Instructions to follow. Make a tally of the lines in the records that include the string "Image", and give only that number.
Dataset content Block Start
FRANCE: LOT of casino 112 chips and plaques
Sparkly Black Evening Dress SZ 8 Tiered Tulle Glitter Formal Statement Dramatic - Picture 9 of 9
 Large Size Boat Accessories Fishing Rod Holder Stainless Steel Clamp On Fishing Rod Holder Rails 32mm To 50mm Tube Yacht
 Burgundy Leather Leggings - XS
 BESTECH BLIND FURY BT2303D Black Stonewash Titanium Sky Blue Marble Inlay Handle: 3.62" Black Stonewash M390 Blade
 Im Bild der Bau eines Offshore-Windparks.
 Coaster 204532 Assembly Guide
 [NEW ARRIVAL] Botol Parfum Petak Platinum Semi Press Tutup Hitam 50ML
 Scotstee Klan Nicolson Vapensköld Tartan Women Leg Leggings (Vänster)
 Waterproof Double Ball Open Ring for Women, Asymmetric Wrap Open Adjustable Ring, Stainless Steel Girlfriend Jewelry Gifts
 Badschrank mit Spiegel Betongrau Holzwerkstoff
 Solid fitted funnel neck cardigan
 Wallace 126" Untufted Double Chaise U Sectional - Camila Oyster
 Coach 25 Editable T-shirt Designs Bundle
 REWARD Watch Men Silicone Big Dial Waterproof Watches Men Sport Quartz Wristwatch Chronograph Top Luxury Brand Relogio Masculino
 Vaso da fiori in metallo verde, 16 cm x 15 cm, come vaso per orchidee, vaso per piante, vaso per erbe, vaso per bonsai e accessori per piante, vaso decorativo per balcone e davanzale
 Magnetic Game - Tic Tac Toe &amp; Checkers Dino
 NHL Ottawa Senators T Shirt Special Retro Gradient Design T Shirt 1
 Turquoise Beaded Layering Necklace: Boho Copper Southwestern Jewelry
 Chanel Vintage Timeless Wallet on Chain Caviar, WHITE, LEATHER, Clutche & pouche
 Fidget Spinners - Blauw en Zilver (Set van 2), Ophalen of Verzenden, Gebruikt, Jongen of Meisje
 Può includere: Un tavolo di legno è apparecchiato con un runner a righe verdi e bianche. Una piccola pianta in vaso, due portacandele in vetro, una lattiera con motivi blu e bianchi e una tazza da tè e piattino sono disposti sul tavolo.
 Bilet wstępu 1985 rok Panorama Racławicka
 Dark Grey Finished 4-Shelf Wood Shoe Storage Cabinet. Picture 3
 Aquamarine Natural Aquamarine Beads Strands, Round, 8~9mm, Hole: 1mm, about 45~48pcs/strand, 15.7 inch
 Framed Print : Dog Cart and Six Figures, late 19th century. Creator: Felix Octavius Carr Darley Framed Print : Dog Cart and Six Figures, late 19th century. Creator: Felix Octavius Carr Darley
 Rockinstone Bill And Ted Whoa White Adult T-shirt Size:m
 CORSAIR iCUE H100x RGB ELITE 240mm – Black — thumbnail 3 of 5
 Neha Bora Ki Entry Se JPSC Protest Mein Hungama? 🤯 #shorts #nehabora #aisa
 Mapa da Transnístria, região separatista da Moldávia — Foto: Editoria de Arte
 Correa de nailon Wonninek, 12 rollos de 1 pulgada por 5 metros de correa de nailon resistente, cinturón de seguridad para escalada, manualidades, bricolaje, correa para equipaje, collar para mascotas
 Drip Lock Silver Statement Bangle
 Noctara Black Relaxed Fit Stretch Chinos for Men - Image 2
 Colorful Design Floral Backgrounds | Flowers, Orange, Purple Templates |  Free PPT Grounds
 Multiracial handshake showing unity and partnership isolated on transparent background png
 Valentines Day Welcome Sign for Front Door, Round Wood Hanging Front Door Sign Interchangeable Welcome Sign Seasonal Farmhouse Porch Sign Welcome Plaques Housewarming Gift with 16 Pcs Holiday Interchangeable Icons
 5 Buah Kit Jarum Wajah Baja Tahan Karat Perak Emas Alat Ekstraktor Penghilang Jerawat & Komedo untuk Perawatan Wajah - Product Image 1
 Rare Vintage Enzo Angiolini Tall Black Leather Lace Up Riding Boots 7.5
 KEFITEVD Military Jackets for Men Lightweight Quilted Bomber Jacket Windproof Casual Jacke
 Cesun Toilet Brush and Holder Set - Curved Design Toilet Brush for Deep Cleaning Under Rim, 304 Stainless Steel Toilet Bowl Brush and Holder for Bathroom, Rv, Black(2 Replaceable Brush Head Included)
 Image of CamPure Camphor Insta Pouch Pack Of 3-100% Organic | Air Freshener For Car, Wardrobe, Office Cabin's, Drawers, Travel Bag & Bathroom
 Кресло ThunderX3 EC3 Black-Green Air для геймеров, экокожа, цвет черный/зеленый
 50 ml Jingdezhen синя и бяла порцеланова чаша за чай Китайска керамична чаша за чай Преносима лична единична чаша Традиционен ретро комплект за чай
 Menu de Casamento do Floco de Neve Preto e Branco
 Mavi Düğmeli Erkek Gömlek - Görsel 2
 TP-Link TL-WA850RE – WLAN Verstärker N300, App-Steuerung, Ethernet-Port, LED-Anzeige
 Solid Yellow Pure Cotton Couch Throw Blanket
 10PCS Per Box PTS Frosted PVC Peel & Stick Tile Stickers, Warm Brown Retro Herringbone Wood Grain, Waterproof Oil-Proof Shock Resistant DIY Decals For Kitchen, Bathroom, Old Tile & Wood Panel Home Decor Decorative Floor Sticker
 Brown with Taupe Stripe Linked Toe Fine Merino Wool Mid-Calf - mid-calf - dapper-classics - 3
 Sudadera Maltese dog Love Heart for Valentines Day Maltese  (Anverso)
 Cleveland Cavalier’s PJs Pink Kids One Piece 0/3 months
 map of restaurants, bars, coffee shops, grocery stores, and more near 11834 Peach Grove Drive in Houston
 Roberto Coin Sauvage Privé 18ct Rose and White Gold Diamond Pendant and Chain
Dataset content Block End
Response to the exercise. 3